Kristina
écrit à

   


Marquise de Montespan

     
   

Madame Scarron

    Chère Marquise,

J'espère que vous vous portez bien depuis notre dernière conversation. Moi, ma santé s'est bien arrangée. De nos jours les médecins font des miracles.

Je voudrais que vous me parliez de Madame Scarron. Pourquoi l'avez-vous choisie pour être la gouvernante de vos enfants et pas une autre femme? Regrettez-vous aujourd'hui ce choix? Croyez-vous que si elle n'avait pas été là, vous seriez encore la favorite de sa majesté? N'avez-vous jamais songé à la renvoyer lors de vos disputes? Pourquoi ne l'avoir pas fait? Est-il vrai que Françoise a refusé d'être la gouvernante de mademoiselle de Blois et du comte de Toulouse? Savez-vous pourquoi? Qui s'est occupé d'eux?

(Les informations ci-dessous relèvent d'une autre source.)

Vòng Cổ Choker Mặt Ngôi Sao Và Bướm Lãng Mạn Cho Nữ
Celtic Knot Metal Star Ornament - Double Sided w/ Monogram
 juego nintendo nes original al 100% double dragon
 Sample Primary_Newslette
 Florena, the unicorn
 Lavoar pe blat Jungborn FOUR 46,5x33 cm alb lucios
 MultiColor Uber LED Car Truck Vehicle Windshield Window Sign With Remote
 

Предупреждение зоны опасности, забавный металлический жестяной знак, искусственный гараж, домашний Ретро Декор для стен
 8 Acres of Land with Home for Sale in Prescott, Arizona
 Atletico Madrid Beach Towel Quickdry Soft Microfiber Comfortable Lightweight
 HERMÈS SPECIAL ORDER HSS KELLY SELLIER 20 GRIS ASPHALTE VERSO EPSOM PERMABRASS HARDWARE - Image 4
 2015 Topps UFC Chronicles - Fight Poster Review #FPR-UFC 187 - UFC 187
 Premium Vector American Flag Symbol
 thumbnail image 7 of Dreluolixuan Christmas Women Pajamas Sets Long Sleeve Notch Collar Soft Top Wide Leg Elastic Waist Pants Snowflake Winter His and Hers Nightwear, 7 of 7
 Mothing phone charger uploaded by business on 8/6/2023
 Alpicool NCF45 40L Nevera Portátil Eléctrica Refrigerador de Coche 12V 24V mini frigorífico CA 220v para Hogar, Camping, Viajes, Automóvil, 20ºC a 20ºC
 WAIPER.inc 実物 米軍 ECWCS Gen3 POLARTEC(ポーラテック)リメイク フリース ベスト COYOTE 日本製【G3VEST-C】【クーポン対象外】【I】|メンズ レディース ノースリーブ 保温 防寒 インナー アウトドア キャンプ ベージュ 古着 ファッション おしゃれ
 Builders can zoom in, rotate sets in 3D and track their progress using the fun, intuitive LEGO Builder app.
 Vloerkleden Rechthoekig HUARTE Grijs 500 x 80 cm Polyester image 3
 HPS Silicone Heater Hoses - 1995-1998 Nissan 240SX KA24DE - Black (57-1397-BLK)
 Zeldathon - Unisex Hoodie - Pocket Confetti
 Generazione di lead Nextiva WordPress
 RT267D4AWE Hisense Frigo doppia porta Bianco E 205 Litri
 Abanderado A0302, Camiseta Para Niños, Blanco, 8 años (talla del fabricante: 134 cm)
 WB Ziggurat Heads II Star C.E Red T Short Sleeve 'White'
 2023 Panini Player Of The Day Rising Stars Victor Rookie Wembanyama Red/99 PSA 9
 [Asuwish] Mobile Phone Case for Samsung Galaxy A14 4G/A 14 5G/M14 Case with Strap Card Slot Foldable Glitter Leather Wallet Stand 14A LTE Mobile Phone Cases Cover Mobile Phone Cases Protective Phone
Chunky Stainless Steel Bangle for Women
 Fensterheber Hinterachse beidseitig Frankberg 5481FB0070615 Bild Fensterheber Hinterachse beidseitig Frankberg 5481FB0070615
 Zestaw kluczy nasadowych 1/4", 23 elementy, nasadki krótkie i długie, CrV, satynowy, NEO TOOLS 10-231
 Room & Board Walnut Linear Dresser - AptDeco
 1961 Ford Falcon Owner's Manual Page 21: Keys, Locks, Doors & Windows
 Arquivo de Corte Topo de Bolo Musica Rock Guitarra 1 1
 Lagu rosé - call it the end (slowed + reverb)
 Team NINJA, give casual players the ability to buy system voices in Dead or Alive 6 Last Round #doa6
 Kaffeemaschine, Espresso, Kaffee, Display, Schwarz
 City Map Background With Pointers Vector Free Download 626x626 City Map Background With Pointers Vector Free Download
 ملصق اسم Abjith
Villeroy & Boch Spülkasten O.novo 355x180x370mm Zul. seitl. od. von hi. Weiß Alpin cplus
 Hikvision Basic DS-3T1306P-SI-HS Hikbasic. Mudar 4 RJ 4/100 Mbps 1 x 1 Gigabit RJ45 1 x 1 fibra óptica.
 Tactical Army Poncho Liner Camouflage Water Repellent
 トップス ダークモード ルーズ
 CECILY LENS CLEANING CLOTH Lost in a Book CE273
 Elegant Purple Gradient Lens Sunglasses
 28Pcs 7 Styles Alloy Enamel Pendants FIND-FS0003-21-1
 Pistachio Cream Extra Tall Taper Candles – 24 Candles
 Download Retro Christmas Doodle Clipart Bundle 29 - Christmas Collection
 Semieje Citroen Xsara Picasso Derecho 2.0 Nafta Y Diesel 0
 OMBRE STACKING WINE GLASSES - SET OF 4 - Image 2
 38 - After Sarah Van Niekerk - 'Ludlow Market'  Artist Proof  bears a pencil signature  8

La semaine prochaine, je fêterai mes dix-sept ans et je compte les fêter à Versailles. Je penserai très fort à vous.

Je vous embrasse,

Kristina

Ma chère Kristina,
 
Je suis heureuse et rassurée que vous m'apportiez de bonnes nouvelles au sujet de vostre santé. Vous souhaitez donc m'entretenir au sujet de madame de Maintenon -car c'est sous cette appellation que je dois désormais la nommer. Ce n'est point là un sujet de conversation qui me plaist particulièrement mais je vous répondrai du mieux que je pourrai.
 
J'avois besoin d'une femme susre, de confiance et qui sache s'occuper d'enfants lorsque je fus grosse une seconde fois de Louis. La première dame de chambre, mademoiselle des Oeillets, ne pouvoit pas supporter le poids de deux enfants à charge en supplément de ses fonctions à la cour. Ma soeur, madame de Thianges, m'a alors proposé madame Scarron qui prenoit desja bien soin de la petite Louise d'Heudicourt. Sa mère, Bonne, qui estoit alors de mes amies, ne m'en dit que du bien. Mon frère le duc de Vivonne fut également favorable au choix de Françoise d'Aubigné. Je l'engageois donc pour s'occuper de mon premier bastard puis du second, le futur duc du Maine. Malgré nos mésententes, je dois avouer qu'elle s'occupoit très bien de mes enfans comme sy elle avoit esté leur mère. C'est surtout ce point que je lui reprochois: plus le tems passoit et plus mes enfans s'éloignoient de moy, en particulier le duc du Maine. Je ne voyois que rarement mes enfans et je ne pouvois les gaster comme je le voulois, leur gouvernante imposant ses règles. J'en estois fort marrie et en parloi evidemment au roy. J'aurais pu renvoyer Françoise mais qui aurait pu la remplacer auprès des mes enfans? Il arriva esgalement un tems où Louis l'avoit tant prise en affection que la congédier auroit eu pour conséquences une importante dispute avec Sa Majesté.
 
Vous devez sçavoir qu'en avril 1675, Louis et moy nous nous sommes séparés à cause des pressions de l'Église. Cela dura quelques mois, le tems pour Louis d'aller au front puis à son retour de guerre, nous avons repris notre liaison malgré les promesses de Louis à son confesseur et à son espouse. Madame Scarron a refusé de s'occuper de nos enfans qui naistroient après ce qu'elle appeloit une trahison. De la sorte. Mademoiselle de Blois et le comte de Toulouse ont donc estés confiés à d'autres personnes choisies par le roy.
 
Voilà ce que je puis vous dire. Je vous souhaite par avance un bon anniversaire.